◆ **Instructions for the task**: The result should be an exact copy of only the lines from the one holding "Guardia de seguridad" through the last line of the data below, please, without pictures.

◆ **Given data**:

+ + + +

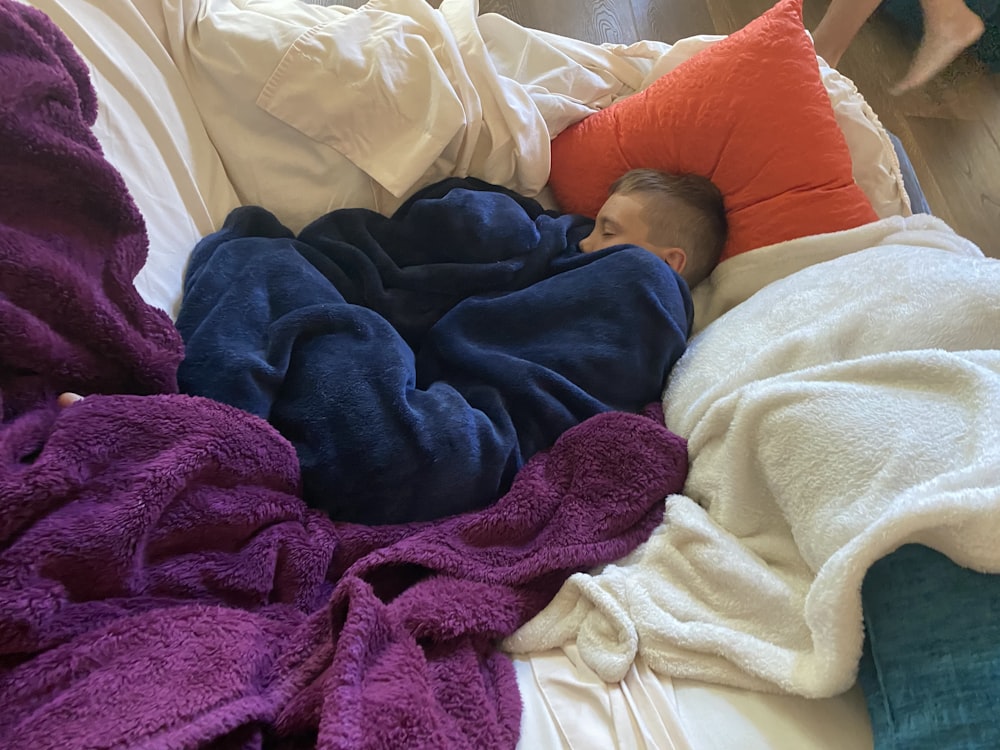 a man sleeping on a bed covered in blankets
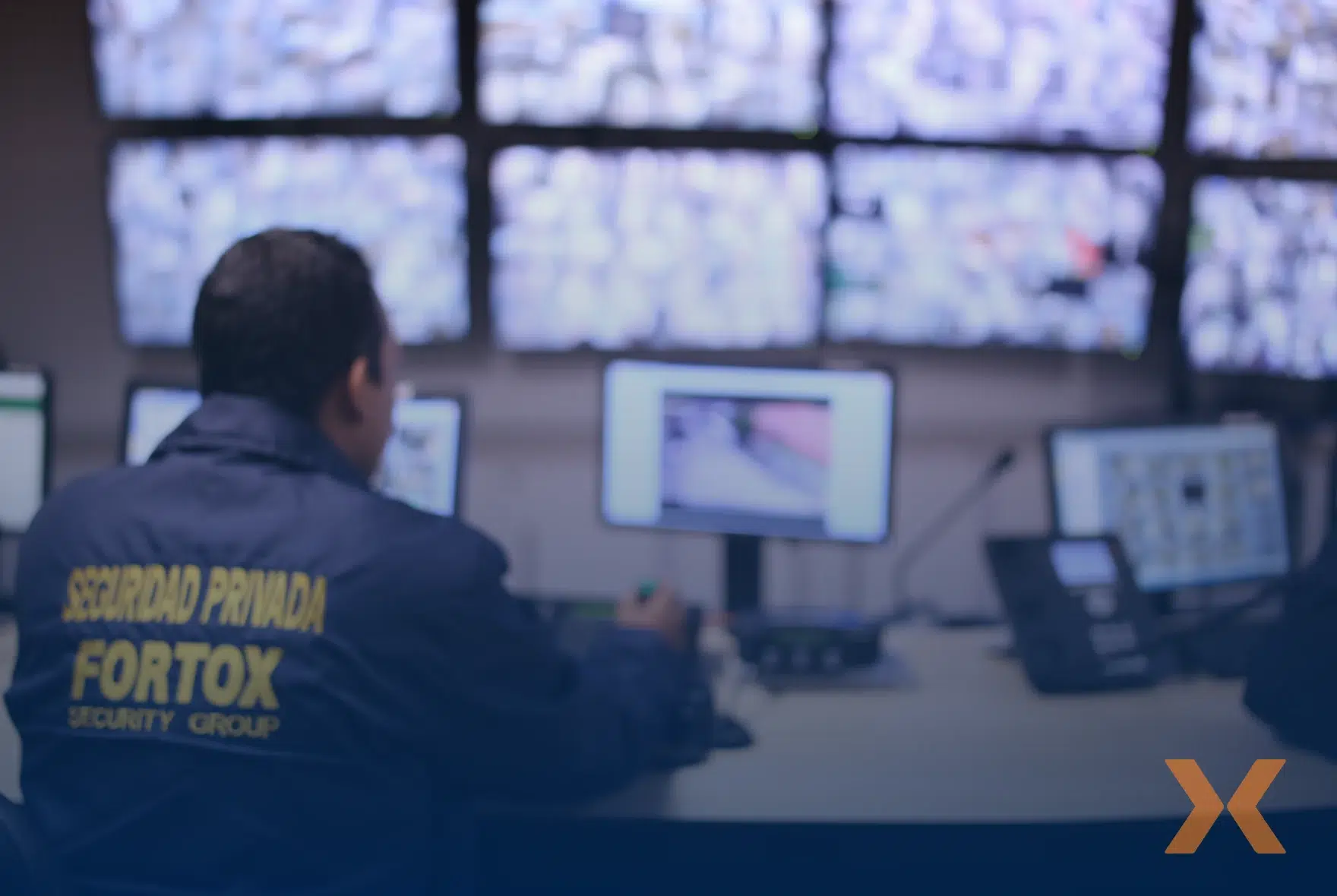 Guardia de seguridad privada de Fortox monitorea pantallas en sala de control para vigilancia y protección empresarial. - Fortox Security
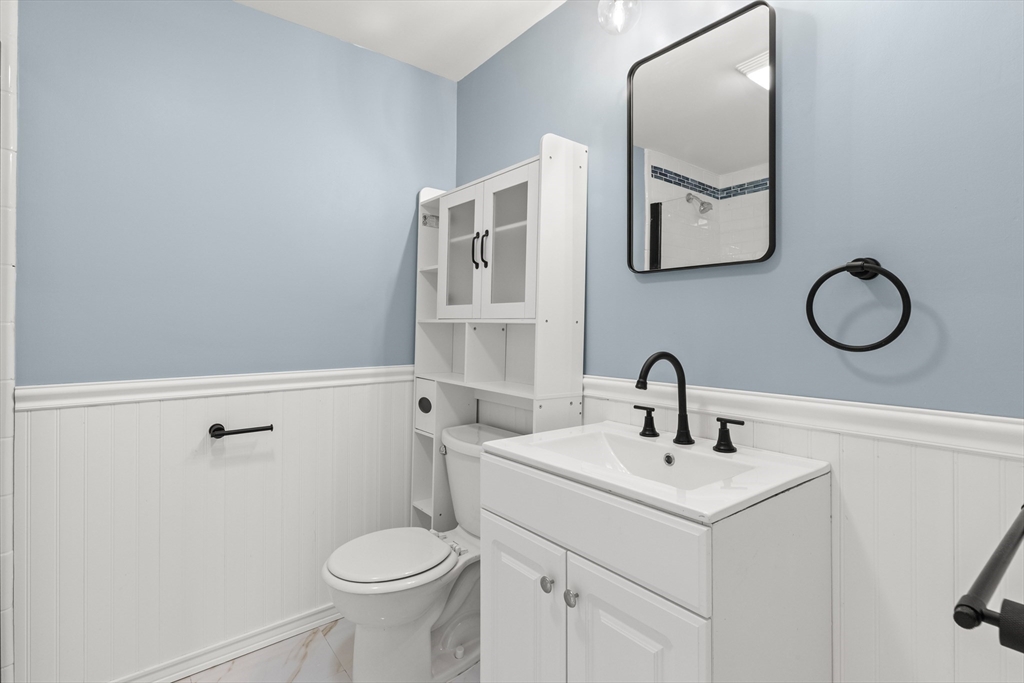 141 Prospect Street Gloucester, MA 01930 - Photo 21 of 32 a bathroom with a toilet sink and mirror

+ + + +

◆ **Your response**:
 Guardia de seguridad privada de Fortox monitorea pantallas en sala de control para vigilancia y protección empresarial. - Fortox Security
 141 Prospect Street Gloucester, MA 01930 - Photo 21 of 32 a bathroom with a toilet sink and mirror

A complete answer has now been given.